** Opening RECORDS FOR THE EXERCISE block **

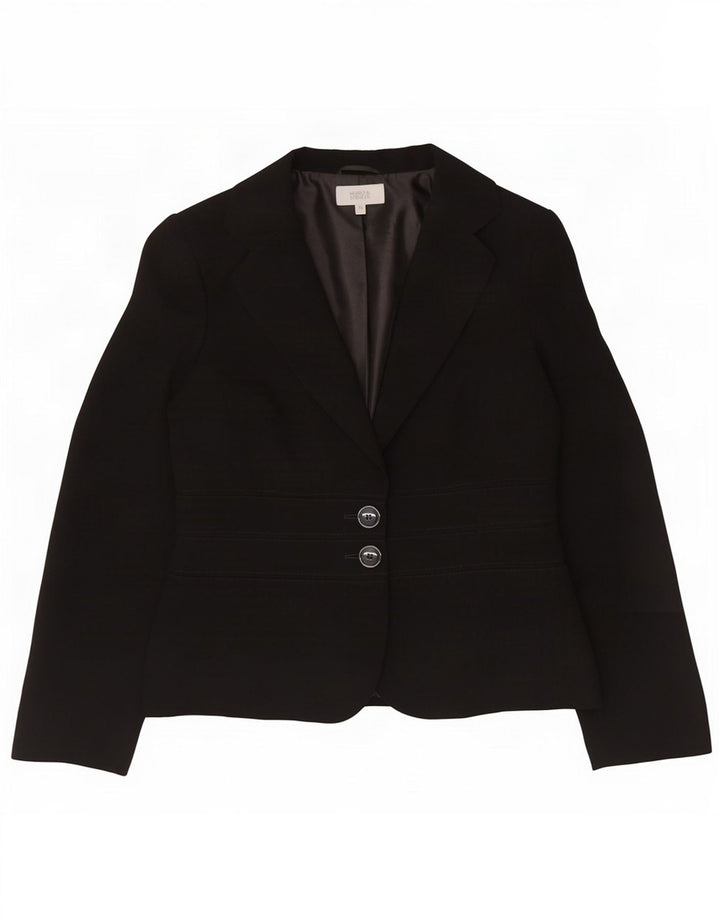 Giacca blazer a 2 bottoni Marks & Spencer da donna UK 12 poliestere nero medio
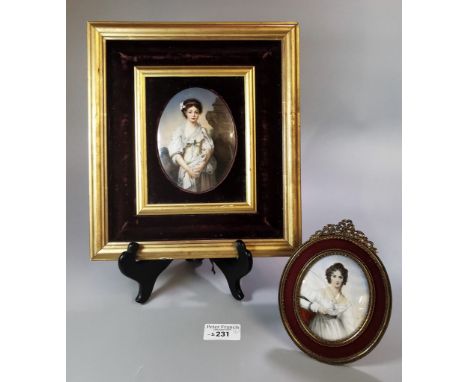 19th century painted porcelain plaque, depicting a young girl on a classical background, probably German. 11.5x9cm approx. La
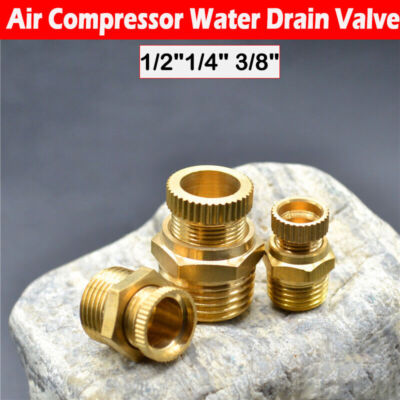 PT 1/2''3/8''1/4''Außengewinde Metall Luftkompressor Wasserablassventil Messing Ton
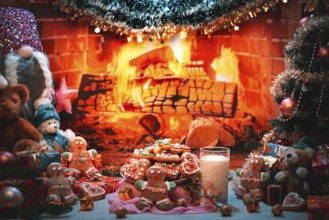 A plate of cookies and a glass of milk next to a Christmas tree and toys in front of a fireplace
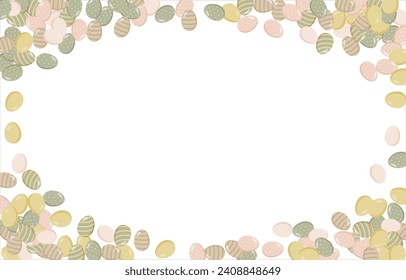 Frame made of elements for Easter. Traditional Easter elements. Vector illustration. Traditional easter ornament. Happy easter. Hand-drawn. Vector illustration.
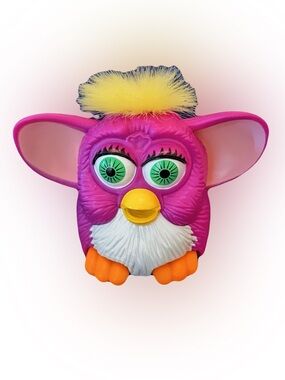Tiger Electronics McDonalds Furby Toy Figure 1998 Purple with Yellow Hair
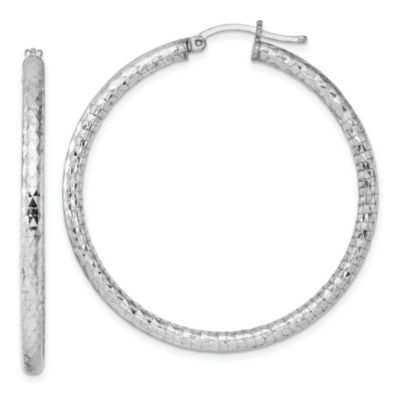Luxury Giftware by Jere Sterling Silver Rhodium-plated 3mm Diamond Cut Hoop Earrings, White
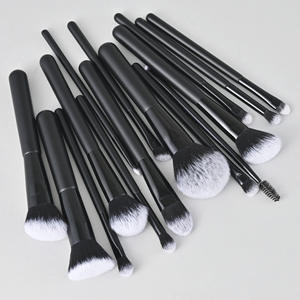 Private Logo 15-Piece High-End Makeup <span class=keywords><strong>Brush</strong></span> Set Olho Preto Fundação Rosto Maquiagem Ferramentas Wood Handle Professional Makeup <span class=keywords><strong>Brush</strong></span> Set - Product Image 3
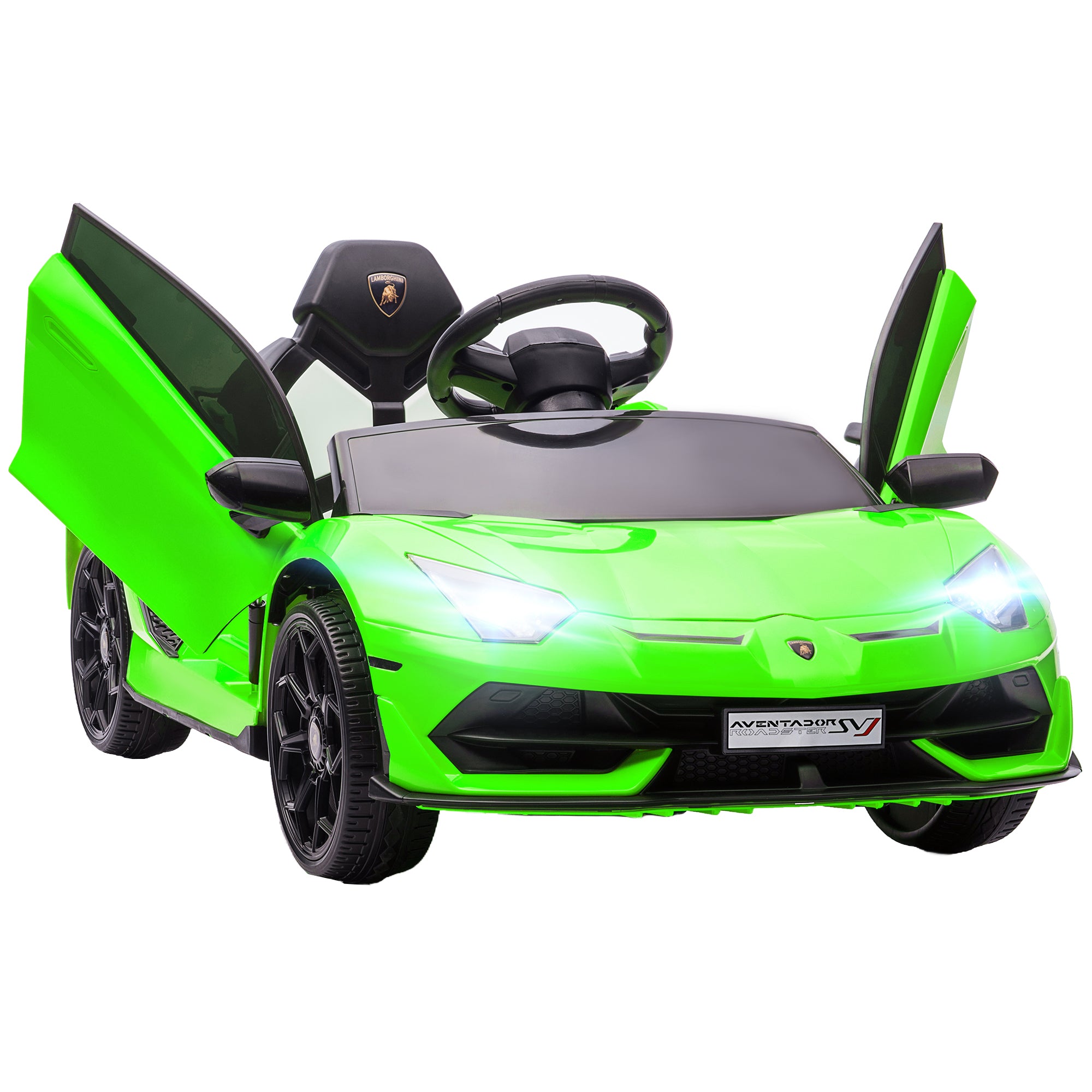 HOMCOM Lamborghini Licensed 12V kids Electric Car w/ Butterfly Doors, Remote, Music, Horn, Suspension - Green - North Peak Garden Furniture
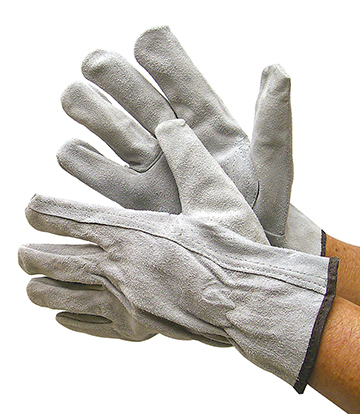Split Cowhide Suede LEATHER Driver Gloves w/ Keystone Thumb - Grey - Size: Large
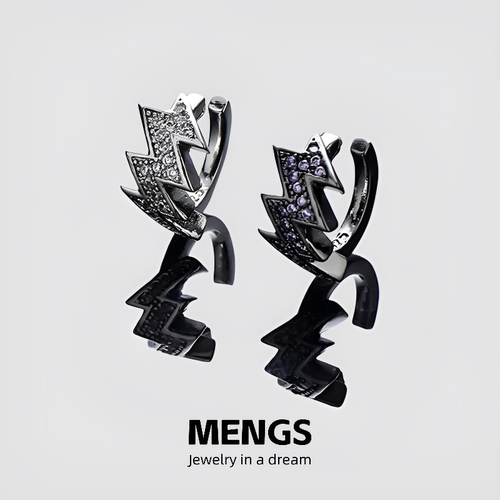 铜合金耳饰 镶钻闪电无耳洞耳骨夹个性高级设计感饰品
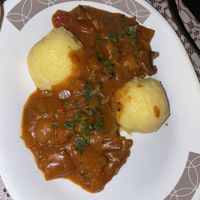 Mushroom stew with polenta   at Sergiana in Brasov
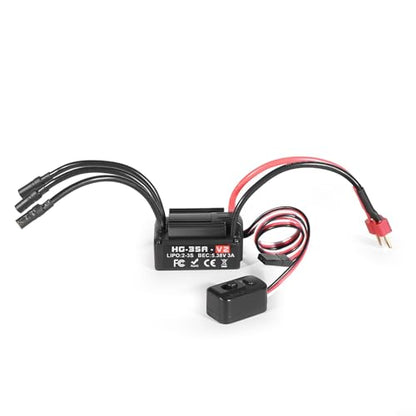 HG35A 35A Waterproof Brushless ESC for 1/18 Scale RC Cars, Trucks, and Buggies with External Programming Port and Multiple Protections(A) - size: size:a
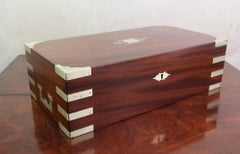 Grande scatola da scrittura in ottone antico Campaigner. Inglese C.1840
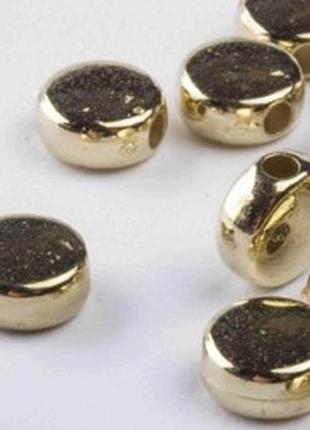 Розпірні намистини пластикові гальвановані disc-4aa300-b1, 3 x 5 мм, 500 грам, a03-світло золотий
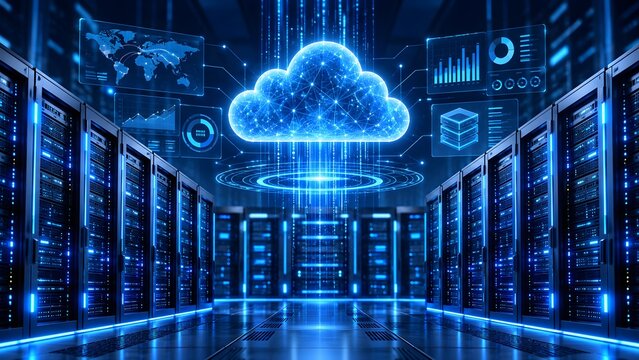 Cloud computing network concept with glowing digital cloud over server room racks and futuristic global analytics dashboard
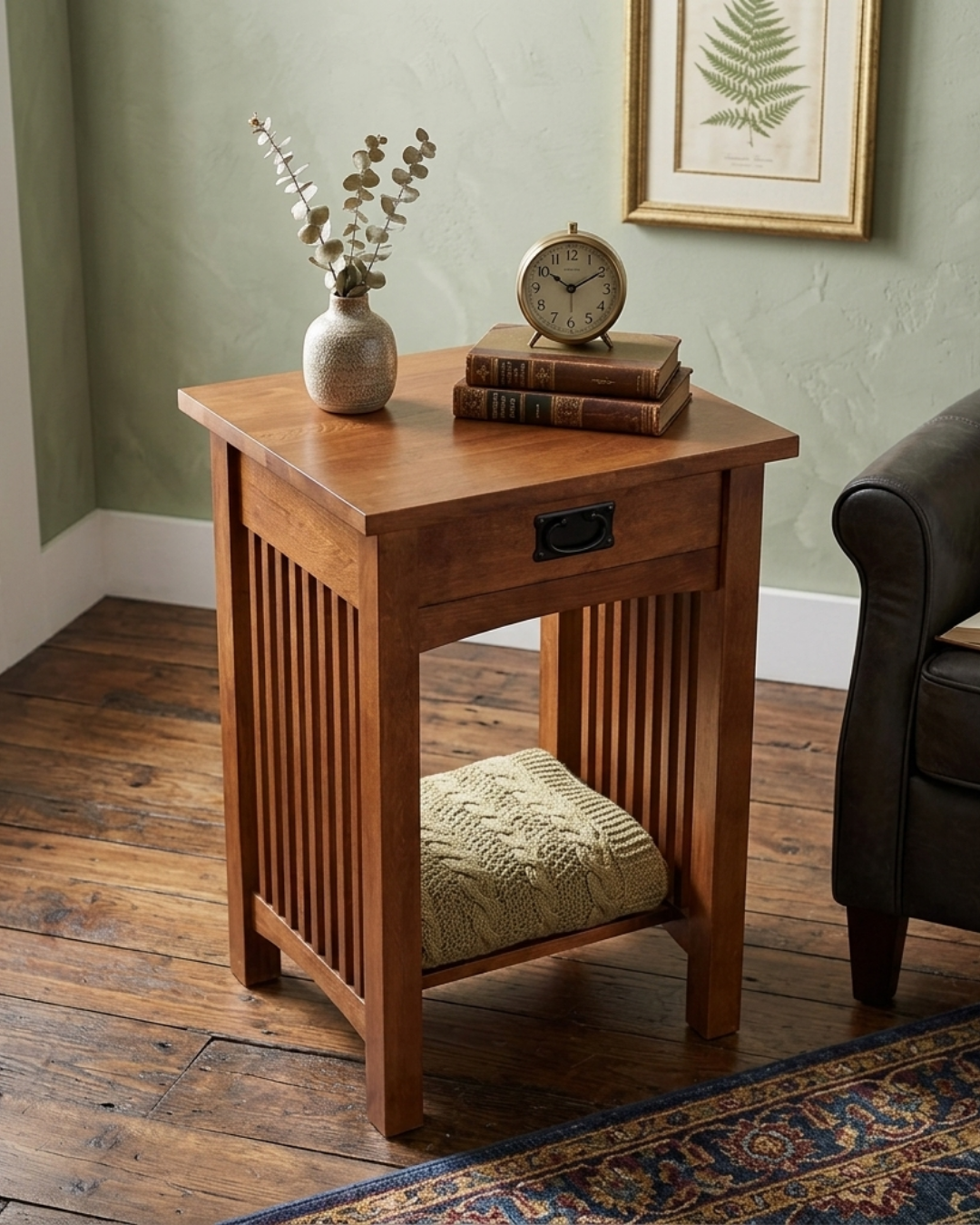 Mission 1 Drawer Spindle End Table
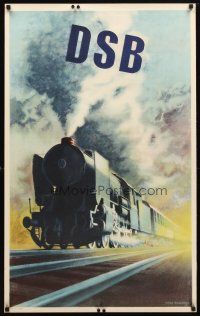 7x096 DSB Danish travel poster '50 Aage Rasmussen artwork of locomotive & train!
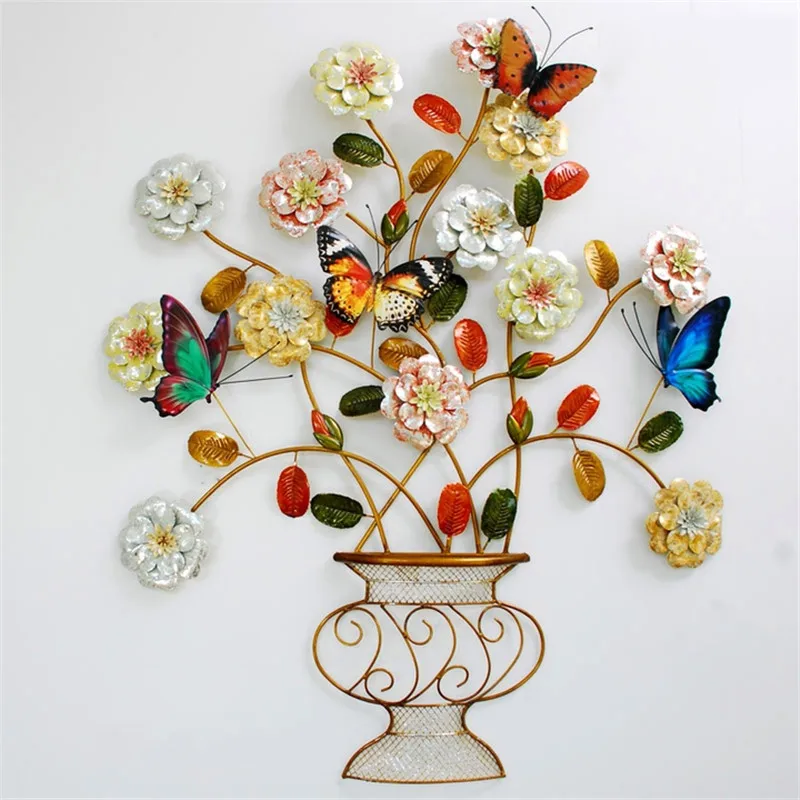 

Wrought Iron Crafts Wall Hanging 3D Butterfly Love Flowers Pachira Wall Decoration Background Wall Sticker Metal Ornament R3112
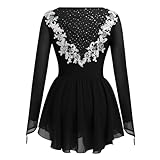 AFAVOM Women Girls Figure Ice Skating Dress Adult Kids Long Sleeve Mesh Sequin Flower Ballet Dance Leotard Shiny Rhinestones Sparkle Lyrical Costume for Competition Performance Dancewear Black XS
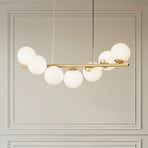 Lampa wisząca Lucande Isandro, 95 cm, złoty, biały, 7-punktowa, G9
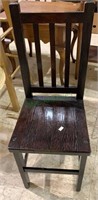 Small stained pine wood child's chair w/14 inch
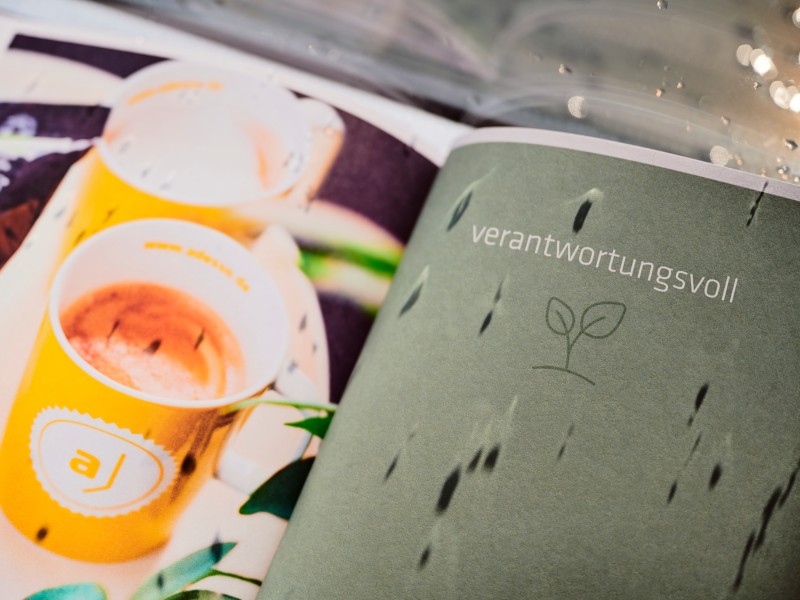 Aufgeklapte Broschüre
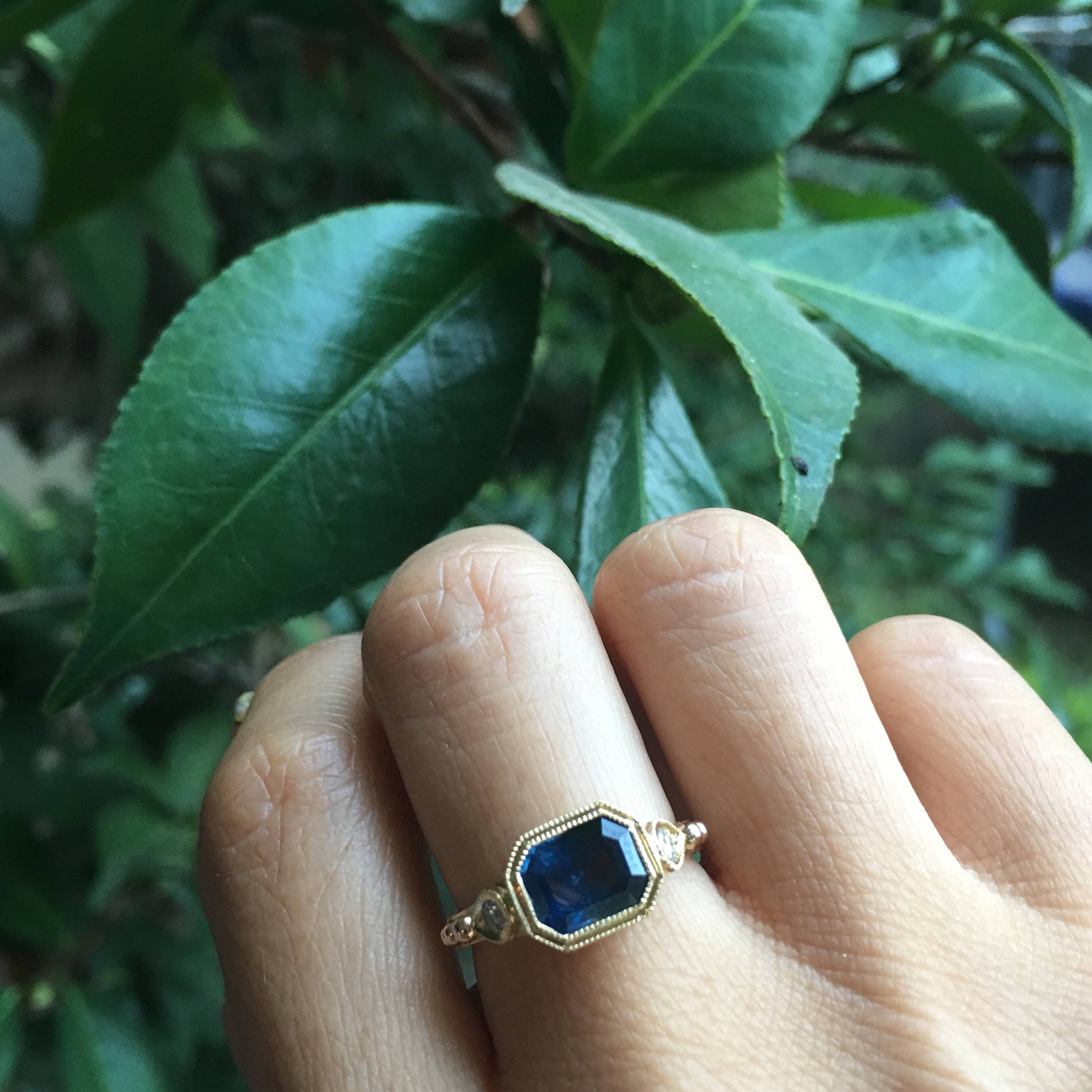 Anessa Sapphire Ring, 18k Sapphire ring with diamonds, Blue sapphire ring, Big sapphire statement ring, 18k gold ring, sapphire and diamonds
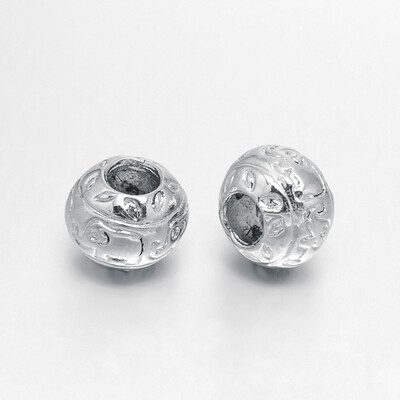 

Zinc Alloy Rondelle European Beads Lead Free & Nickel Free Real Platinum Plated 11x9mm Hole 4mm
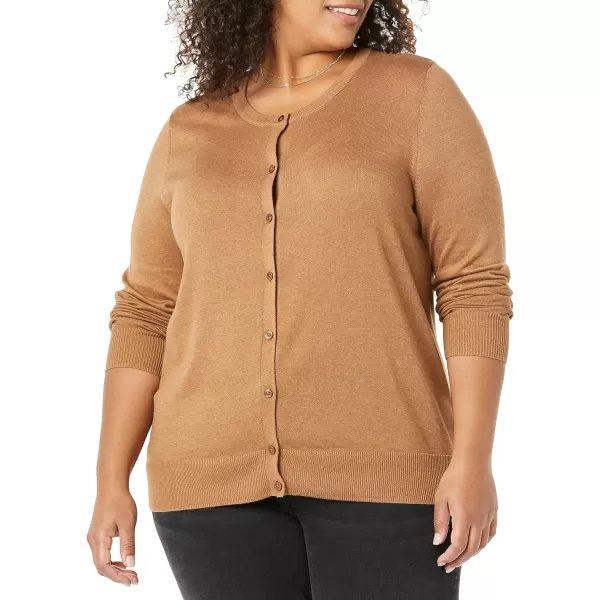 Amazon Essentials Womens Lightweight Crewneck Cardigan Sweater Available in Plus SizeDark Camel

** Closing RECORDS FOR THE EXERCISE block **

→ WORK REQUIRED: Copy out nothing but the lines from the beginning of the records through the one that contains "HOMCOM Lamborghini Licensed". Skip the pictures.

→ OUTPUT OF THE EXERCISE:
 Giacca blazer a 2 bottoni Marks & Spencer da donna UK 12 poliestere nero medio
 19th century painted porcelain plaque, depicting a young girl on a classical background, probably German. 11.5x9cm approx. La
 PT 1/2''3/8''1/4''Außengewinde Metall Luftkompressor Wasserablassventil Messing Ton
 A plate of cookies and a glass of milk next to a Christmas tree and toys in front of a fireplace
 Frame made of elements for Easter. Traditional Easter elements. Vector illustration. Traditional easter ornament. Happy easter. Hand-drawn. Vector illustration.
Tiger Electronics McDonalds Furby Toy Figure 1998 Purple with Yellow Hair
Luxury Giftware by Jere Sterling Silver Rhodium-plated 3mm Diamond Cut Hoop Earrings, White
 Private Logo 15-Piece High-End Makeup <span class=keywords><strong>Brush</strong></span> Set Olho Preto Fundação Rosto Maquiagem Ferramentas Wood Handle Professional Makeup <span class=keywords><strong>Brush</strong></span> Set - Product Image 3
 HOMCOM Lamborghini Licensed 12V kids Electric Car w/ Butterfly Doors, Remote, Music, Horn, Suspension - Green - North Peak Garden Furniture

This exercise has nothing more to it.